In June 2025, the activists entered the Libyan SAR zone and encountered a large group of 197 migrants. The majority were transferred to the Italian coastguard and brought to Lampedusa, but the final batch of 46 migrants from the group were picked up by Louise Michel. The ship was ordered to bring them to Crotone – a 40-hour trip. The activists landed 23 migrants from Eritrea, 18 from Pakistan, 3 from Somalia and 2 Bangladeshis in Crotone.

On 5 Juni 2026 47 migrants, who had been picked up the day before, were brought to Crotone. They mostly originated from sub-saharan africa.

Louise Michel was approached by a fast moving craft off the Libyan coast on 21 July 2026 which abandoned 6 Iranian migrants in the sea before it disappeared. The activists picked them up and requested a port to disembark them. Italian authorities assigned Catania, but the crew claimed it was too far away because they were short on fuel, so they were assigned Pozzallo instead. The Italian Guardia di Finanza checked the fuel upon arrival in Pozzallo and judged that there had actually been enough fuel in Louise Michel`s tanks to reach Catania; they concluded the activists had given false information to the Italian authorities and the ship was impounded on 26 July for 20 days and the NGO was fined 10,000 Euros.

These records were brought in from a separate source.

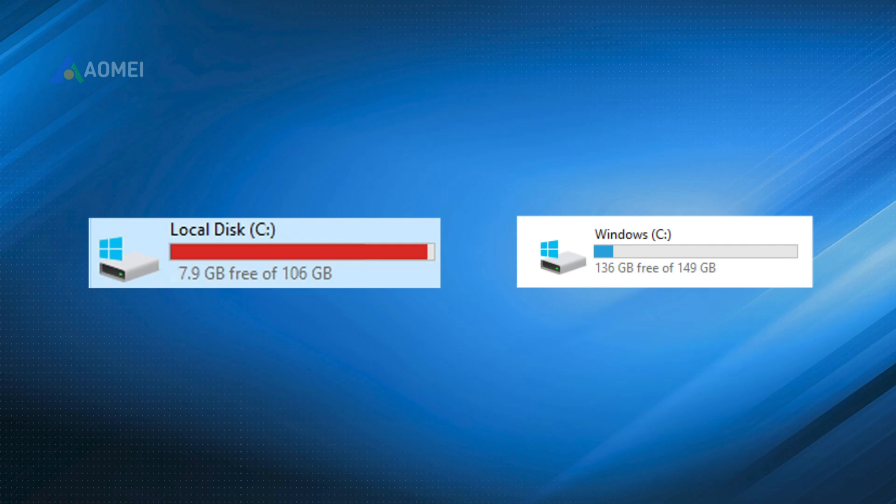Way 1: Extend C Drive via Disk Management with Adjacent Unallocated Space. If there is an adjacent unallocated space behind C Drive, you can extend it in Windows 10/11 Disk Management. Here are detailed steps.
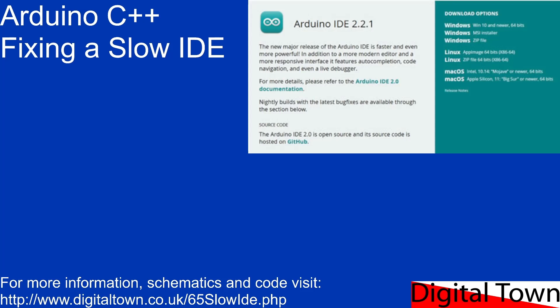Welcome. Usually I do tutorials on programming, but today I'm going to look at how to fix a slow Arduino IDE, or even some of the other IDEs.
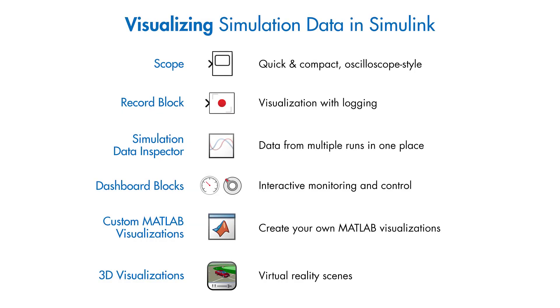Data visualization tools in Simulink help you prototype and debug your models throughout the modeling process. Choose the right tools to visualize your model data based on your needs.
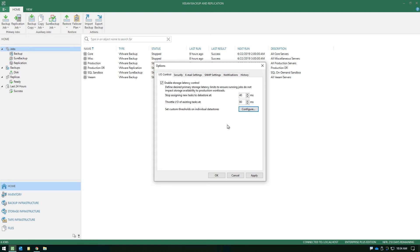This is a very important feature to enable and finely tune so that Veeam doesn't introduce any unexpected performance hits while processing. Keep in mind, this isn't just for backups — this applies anytime Veeam hits that production storage array, which includes replication jobs as well. Anytime we're leveraging snapshots and reaching out to the production source storage to process data from the original location, IO control will apply. It's essential to understand and enable this to ensure your environment stays performing at an acceptable level even when Veeam activities are running.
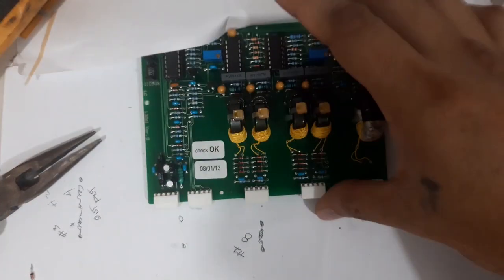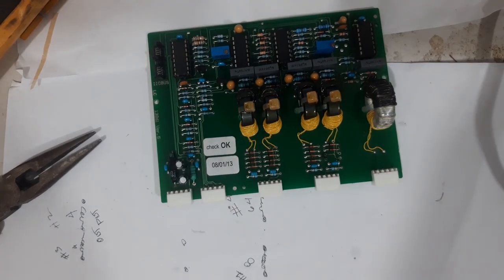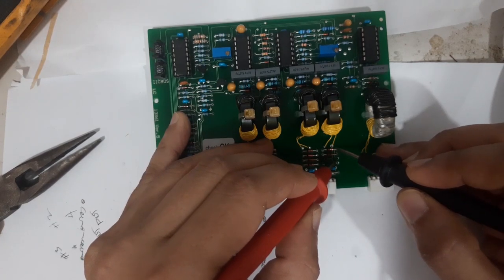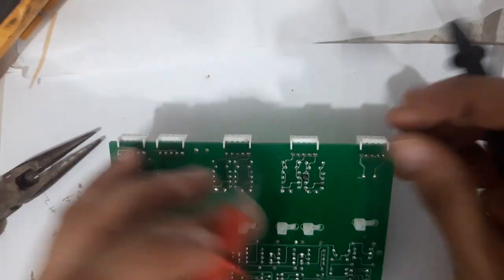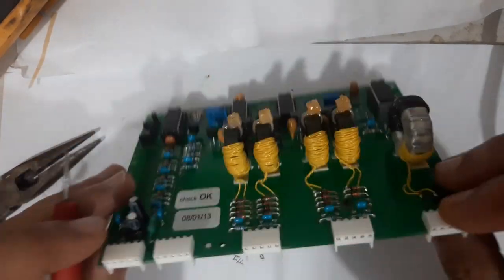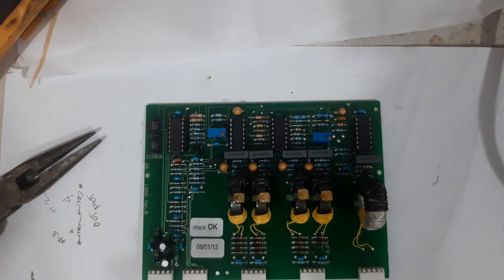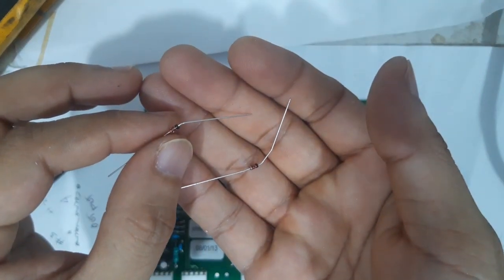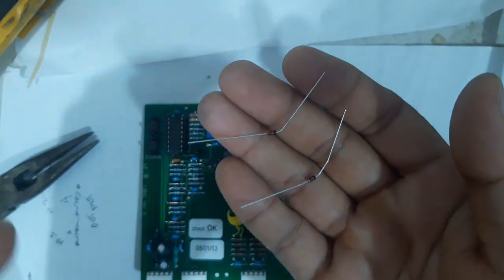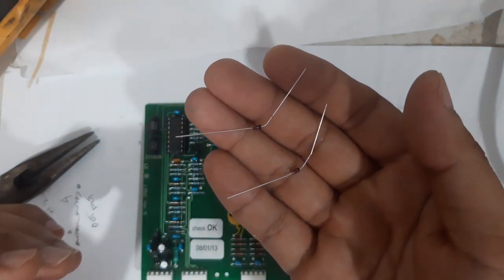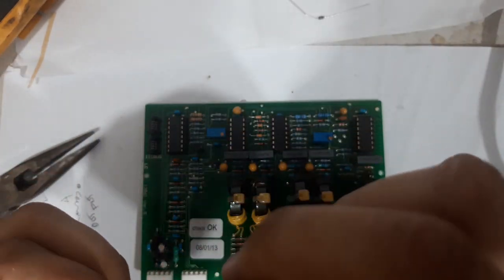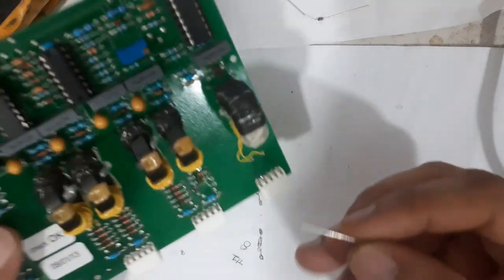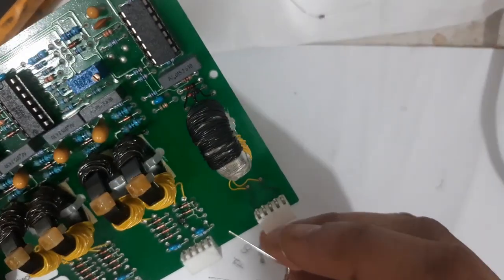Let me just check the continuity if we soldered it properly. This is the new zener diode. By the way, the number of this zener diode is 1N4148. Maybe you will ask how I know, it's because I have the service manual from the manufacturer of this machine.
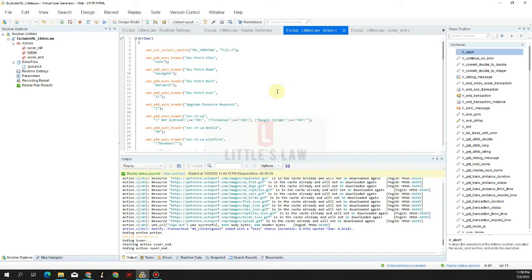Hi, hello and welcome to another episode on Littles Law YouTube channel. In our previous video we saw about the LR_abort function, and today in this video we are going to see about LR_continue_on_error. We'll look at the similarities and differences between these two functions, and how to use LR_continue_on_error and the various values we pass with it.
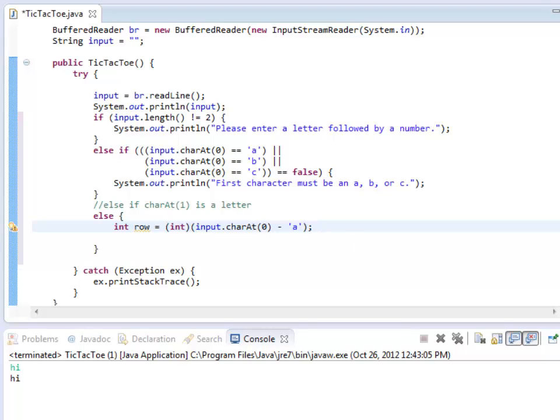So if I had a 97, or a lowercase a, I subtract a lowercase a, I get 0. Now I'm looking at the 0 spot. And what I need is a 0, 1, or 2.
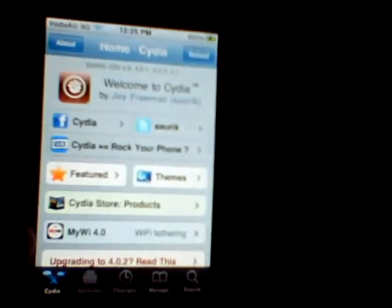Alright, so firstly you're going to go to Cydia. Cydia is going to come up — you're going to go to Manage, then Sources, and hit Edit, then Add.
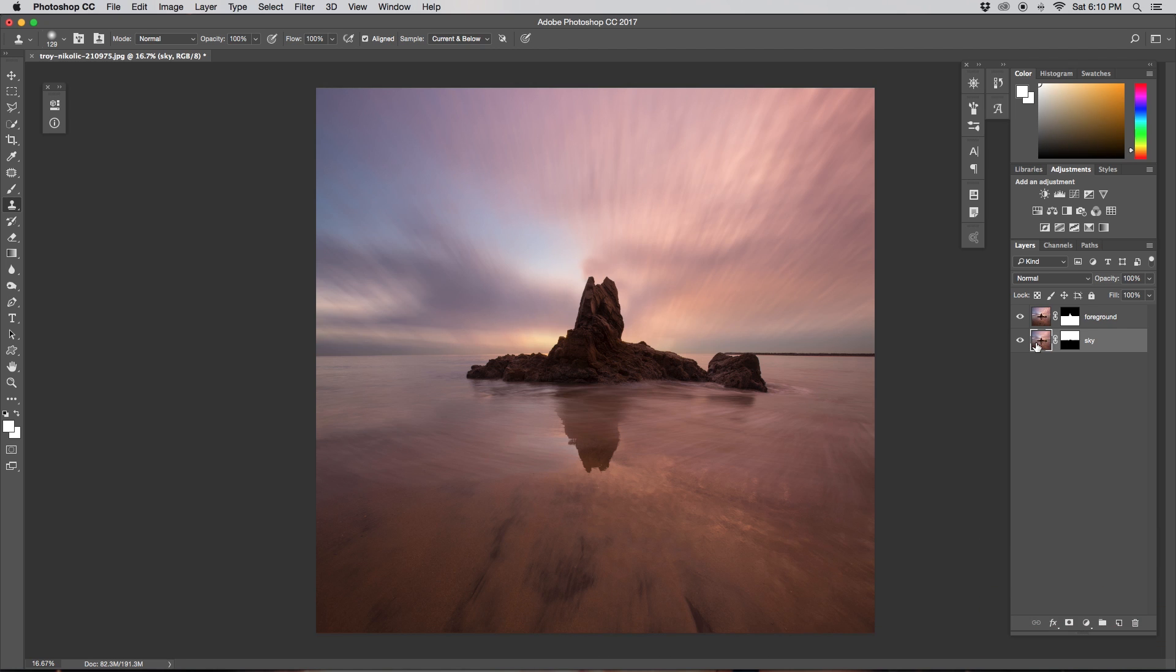This is how to create a fake long exposure using Photoshop. Again, my name is Brandon from Outbound Media, and I hope to see you back here next Wednesday for another new Photoshop tutorial. See you then.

On 27 August 2026 the ship closed in on a reported emergency, joined by the "Seabird" surveillance aircraft. The boat in distress, carrying migrants, was approached by a Libyan coastguard vessel at the same time and two migrants fell overboard when Louise Michel closed in on them. The activists claimed the Libyans then fired two shots at Louise Michel. The ship was not hit and nobody was injured. 42 migrants were picked up during the trip and Italian authorities assigned the port of Crotone for disembarkation. The migrants, mostly from Somalia, were disembarked on 29 August.